Johnson was auditor from 1979 until 2003. As a young reporter, I covered his transformation of the auditor’s office into one of the premier agencies of state government.
Gov. Robert Ray named Johnson, a 43-year-old accountant, to replace State Auditor Lloyd Smith after Smith died unexpectedly. Johnson was the first CPA (certified public accountant) to serve as state auditor, and his appointment proved to be one of the best decisions of Ray’s 14 years as governor.
Johnson took a pay cut to take the job, which at the time paid $30,000. He’d been making $37,000 a year as director of administration for the Iowa Department of Transportation. It was the second time he took a pay cut for public service. In 1968, Johnson left a promising career at Peat, Marwick, Mitchell & Co. to work for the DOT at lower pay.

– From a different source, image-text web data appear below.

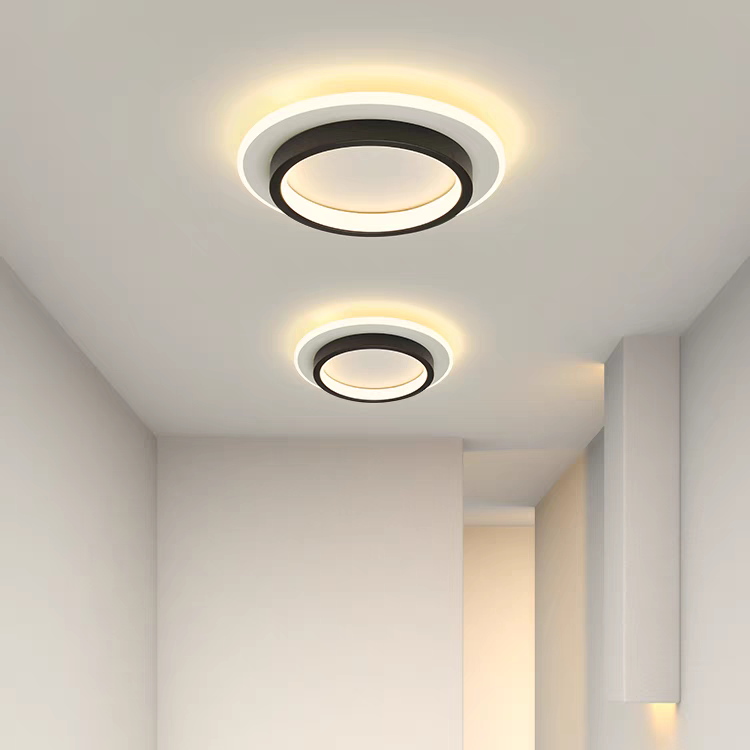 Ceiling Lamp Round LED Modern Halo Design Metal Acrylic Flush Mount | Sansoti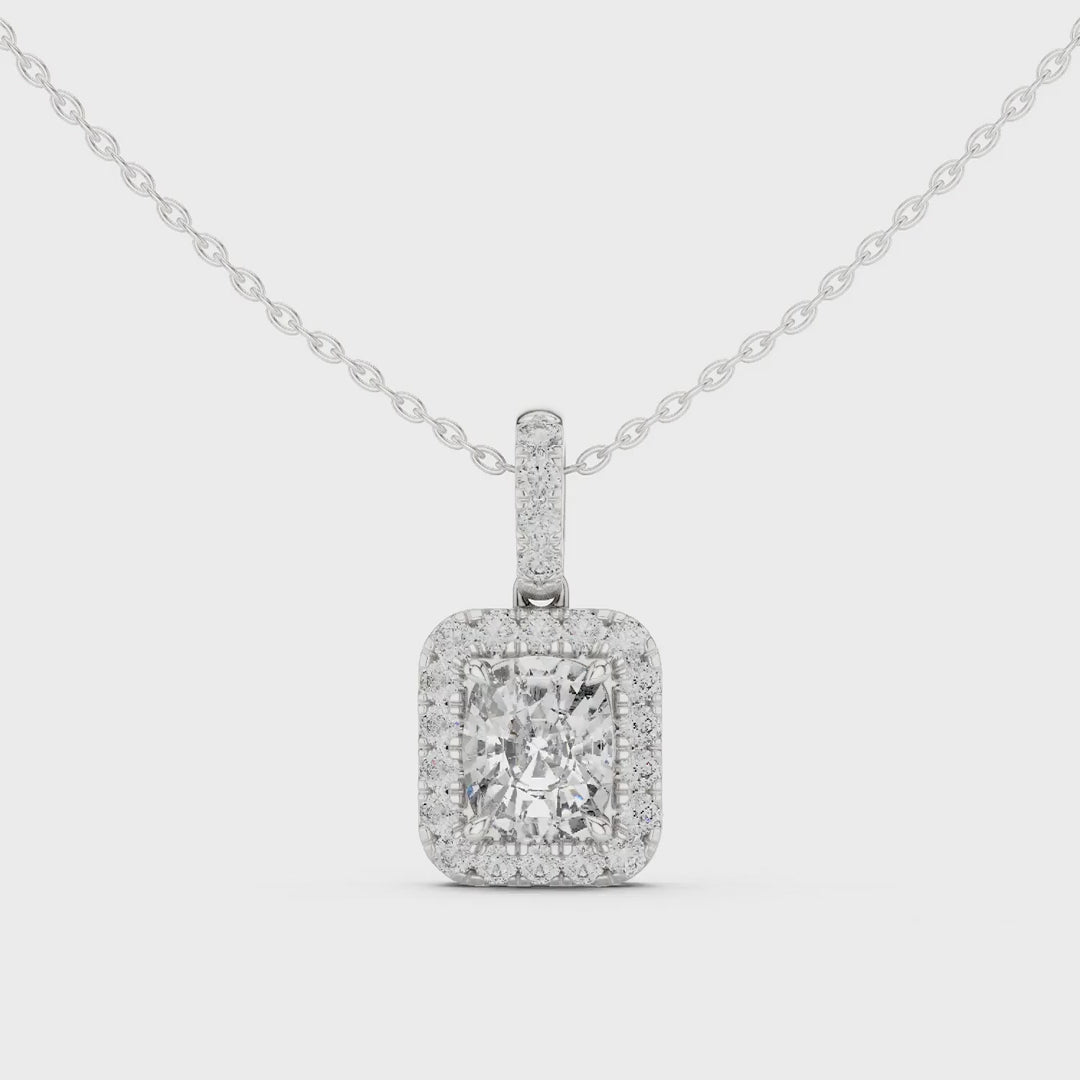 MJP37 - Cushion Halo Pavé Frame Pendant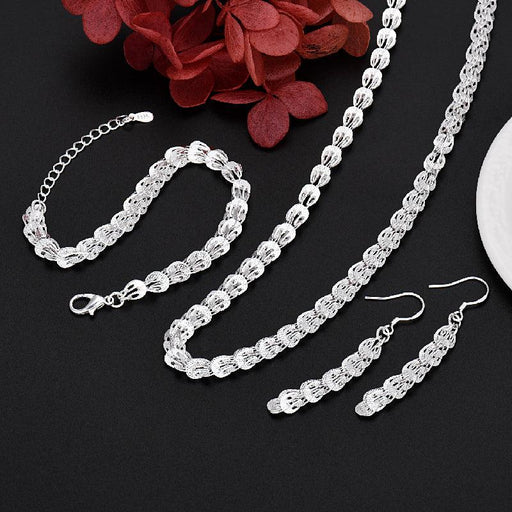 Sterling Silver Carved Pattern Jewelry Set for Elegant Women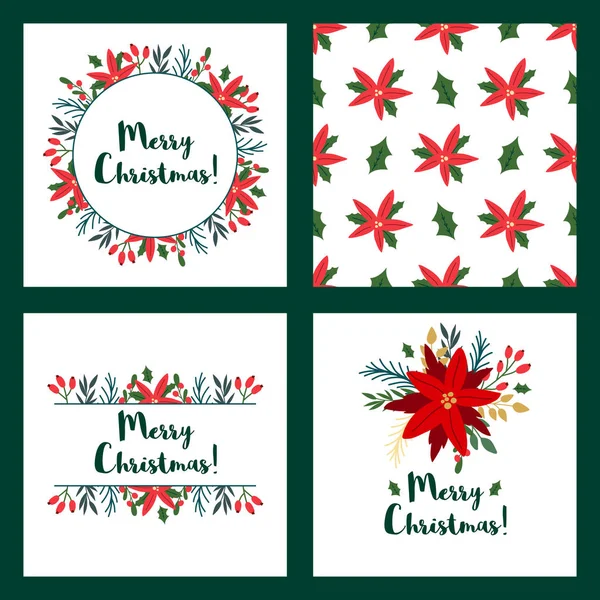 Вітальні листівки на різдвяний великий набір, зимовий квітковий вінок і рамка — стоковий вектор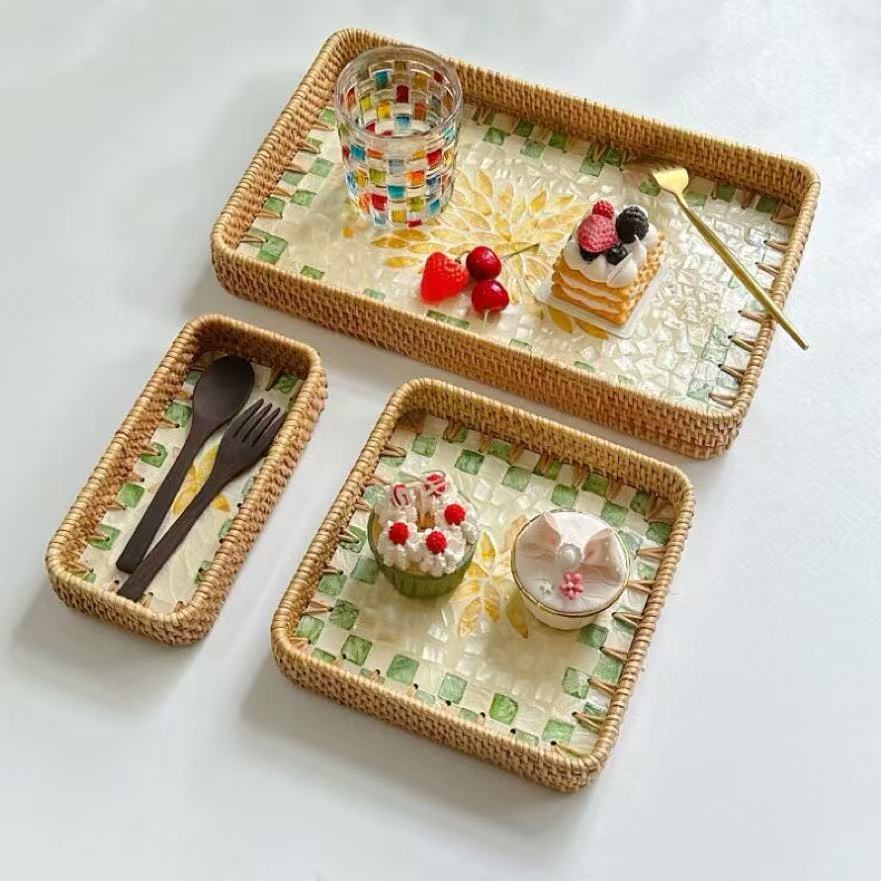 Set of 3 Rattan Trays with Capiz Shell Inlay Coastal Boho Decor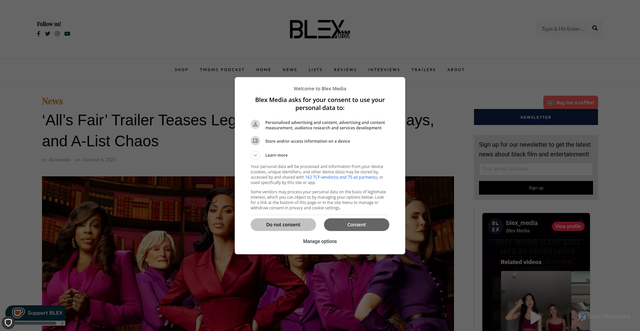 Security scan screenshot of https://blexmedia.com/alls-fair-trailer/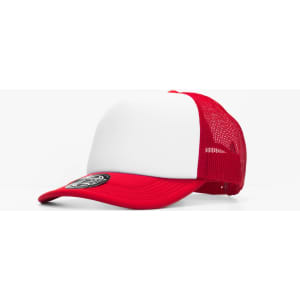 A red and white cap with a mesh back and a logo on the front.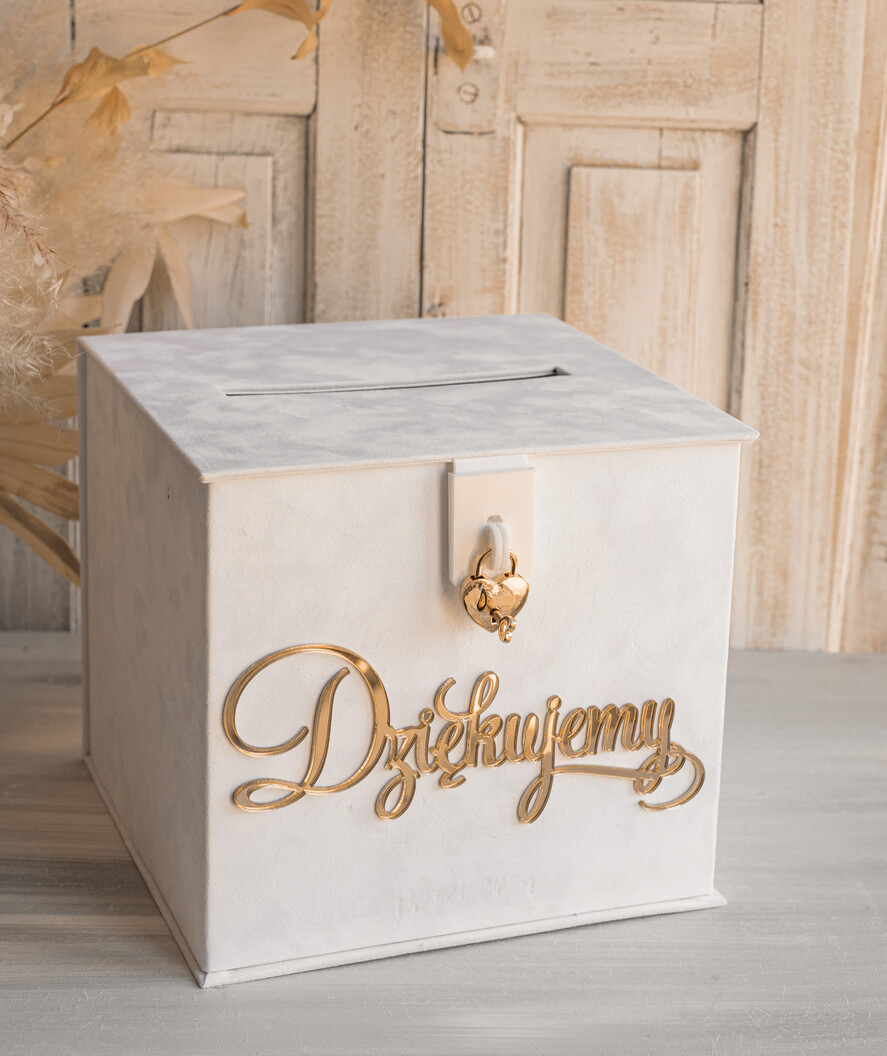 Pudełko na koperty  glamour Szybka wysyłka weselna skrzynka na koperty z życzeniami, welurowa kopertówka dla Młodej Pary, pudełko na koperty ze złotymi napisami7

Johnson lived most of his life in Sheldahl, a community of about 300 people at the tri-county corners of Polk, Story and Boone counties where he was city clerk and later mayor from 1959 to 1975.
He grew up in Spencer, Neb., a town of 600 people near the South Dakota border, and wound up at Drake University where he earned an accounting degree. As I once wrote, Johnson was one of those people who successfully pursued the career a high school aptitude test mapped out for him.
What he hadn’t expected was a political career. But once he became auditor, he brought the whole family into the business. During his first campaign, wife Marjorie and their four children – DeAnn, JoAnn, LeAnn and David – joined him at political meetings, sometimes singing patriotic songs as Dad, who could not carry a tune, ran the sound system.
Somehow, Johnson also found time to be active in his church and the Iowa National Guard.
He told me in 1979 that because he always followed his conscience, “I can’t say I’ve ever had a decision that’s been difficult.”
He continued to follow that ethic as auditor, even when it brought him in conflict with high-powered people.
One of Johnson’s early state audits was critical of Joseph May, head of the Iowa National Guard and Johnson’s part-time boss, for May’s private use of guard aircraft. Another audit forced DOT chief Victor Preisser, Johnson’s recent boss, to repay $1,600 in travel expenses.
At the time, Johnson told me he really liked Preisser and said most incidents of unjustified expenses can usually be traced to a situation where someone felt cheated by the system. Preisser, he added, was miffed because the state comptroller had refused to pay for what the DOT chief believed were legitimate dinner expenses with his governing board.
Johnson, along with state Treasurer Michael Fitzgerald, is credited with forcing Iowa to adopt GAAP (generally accepted accounting principles), which make it possible for outsiders to assess the quality of state finances.
They did that over the objections of many politicians, including Gov. Terry Branstad.
Johnson had a long-running battle with Branstad over how to manage and report state finances that began when Johnson criticized the governor’s use of public aircraft to attend political meetings.
Much of the dispute focused on Branstad’s creation and management of a statewide fiber optic network, which the governor initially said would cost about $50 million but wound up costing $500 million, and which never lived up to expectations as a tool for advancing education and cultural programs.
Writing about that dispute in 1994, Register political columnist James Flansburg created a sentence that serves well as a summation of the auditor’s life.
“Without doubt,” Flansburg wrote, “Johnson’s credibility and his reputation for probity and honesty are head and shoulders above those of every ranking politician in the state.”